▶ EXERCISE DIRECTIONS
Reproduce the records exactly through the line with "imageJack Black Pit".

Caption-style text data:

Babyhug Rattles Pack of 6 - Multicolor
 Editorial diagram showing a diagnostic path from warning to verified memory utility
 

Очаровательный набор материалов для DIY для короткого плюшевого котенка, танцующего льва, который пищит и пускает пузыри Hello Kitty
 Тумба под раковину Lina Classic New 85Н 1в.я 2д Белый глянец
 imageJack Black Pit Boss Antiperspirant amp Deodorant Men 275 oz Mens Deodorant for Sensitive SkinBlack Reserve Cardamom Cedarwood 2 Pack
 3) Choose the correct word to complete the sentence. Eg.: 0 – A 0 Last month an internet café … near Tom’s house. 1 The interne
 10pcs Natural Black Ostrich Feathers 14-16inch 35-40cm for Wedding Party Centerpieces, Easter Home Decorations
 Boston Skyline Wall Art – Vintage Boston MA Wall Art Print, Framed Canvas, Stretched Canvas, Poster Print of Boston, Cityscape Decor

▶ ANSWER TO THE EXERCISE
Babyhug Rattles Pack of 6 - Multicolor
 Editorial diagram showing a diagnostic path from warning to verified memory utility
 

Очаровательный набор материалов для DIY для короткого плюшевого котенка, танцующего льва, который пищит и пускает пузыри Hello Kitty
 Тумба под раковину Lina Classic New 85Н 1в.я 2д Белый глянец
 imageJack Black Pit Boss Antiperspirant amp Deodorant Men 275 oz Mens Deodorant for Sensitive SkinBlack Reserve Cardamom Cedarwood 2 Pack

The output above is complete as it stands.